褚劍兒坐在依舊昏睡的君絕五身旁,抬眼看著花了一個下午修補好的屋頂,慶幸今兒個這是教村人幫忙弄好,要不今晚可真不知道要怎麼辦才好。
她斂眼瞅著他略微蒼白的美顏,不禁又蹙起眉。
他要昏厥之前,對她說了一些話,雖說那聲音彷彿是自牙縫中擠出般的微弱,但實在是貼得太近,教她不想聽見都難。
她……絕無可能聽錯,卻十分不解,他到底是怎麼識破的?
長這麼大,從沒人識破她的身份,為何他會發覺?難不成他趁她睡著時對她毛手毛腳?但不可能啊,她可不認為他有興致對她上下其手,況且,他那時傷得那般重,相信他也沒本事對她胡來。
再者,他有著一張教女人又愛又爐的美顏,如此美得不可方物,美若神祇般的男人,豈會對她起邪念?
倘若會,她還得感謝他呢!
長這麼大,還沒有任何男人對她動過邪念哩。
但若是他……說真的,她一點都不會討厭,絕對會比先前要嫁的那個男人好,啐,她在胡思亂想些什麼?
這念頭一起,她隨即收回視線,拍了拍額,唾棄自個兒不知羞的心思。
照顧他這一段時日,她都快要忘了自己真正的目的了。不知道砸她婚事的人已經上哪兒去了,她居然在這兒過起悠閒日子,還修補起屋頂……都二十好幾了,眼看著就要出閣,迎親隊伍居然被砸,害得她被遣坐回頭轎,倘若她不找到肇事者要個解釋,她怎麼對得起爹娘?
儘管對方是個病癆子,是看在她的命硬想要沖喜,才決定要她這媳婦的,而那病癆子原本真是有機會成為她相公的,現下卻被砸散了姻緣。

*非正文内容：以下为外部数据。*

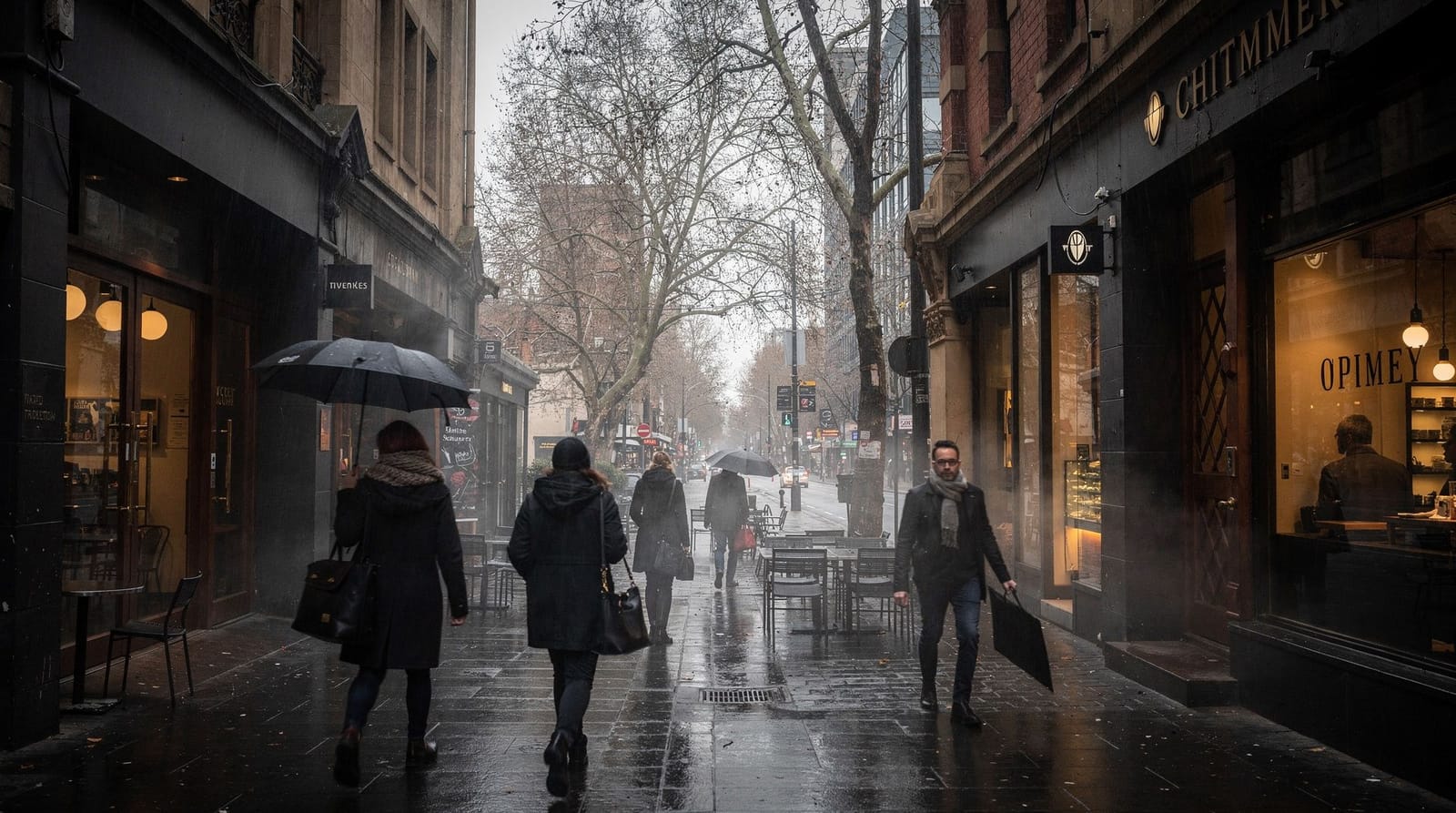 Melbourne en hiver : un guide réaliste — À quoi ressemble réellement l'hiver à Melbourne (juin-août), quoi emporter, et p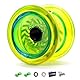 YoyoFactory Arrow Yo-Yo Mit Extra Kugellager Und Schnur - GELB (Vom Anfänger Zum Profi, Moderne Leistung YoYo)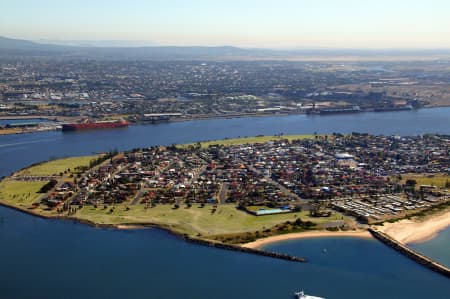 Aerial Image of STOCKTON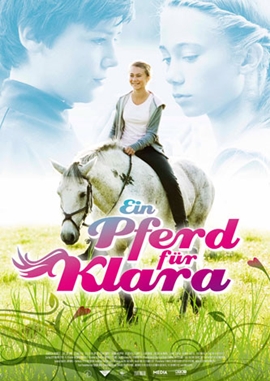 Ein Pferd für Klara – deutsches Filmplakat – Film-Poster Kino-Plakat deutsch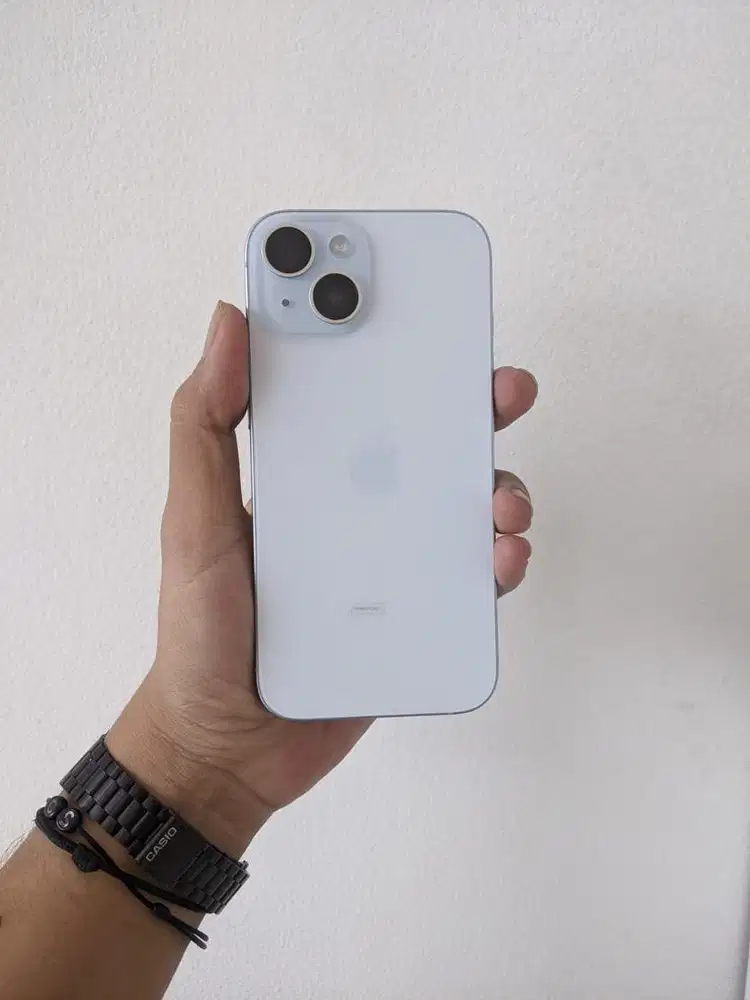 Iphone 15 128Gb ibox garansi jalan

她原本就不看重這姻緣,但她看重在後頭忙碌,幫她張羅大小事的爹娘。
回頭轎一事,肯定是傳回爹娘的耳裡了,不知道他們心裡是怎麼想的?總之她是無顏回去見他們了。
唉,明明是喜事一樁,怎會無端端地變成這個樣子?
真不想再想起這件事,索性當作沒出嫁也沒回頭轎,她現在只要將君絕五照顧好,待他傷好,她乾脆去游江南算了。
可……江南如此之大,得要先游哪兒呢?
而且若是不給爹娘半點音訊的話,豈不是要教他們擔憂,這可不是為人子女該做的事,但要她提筆修家書,簡直是要她的命哪!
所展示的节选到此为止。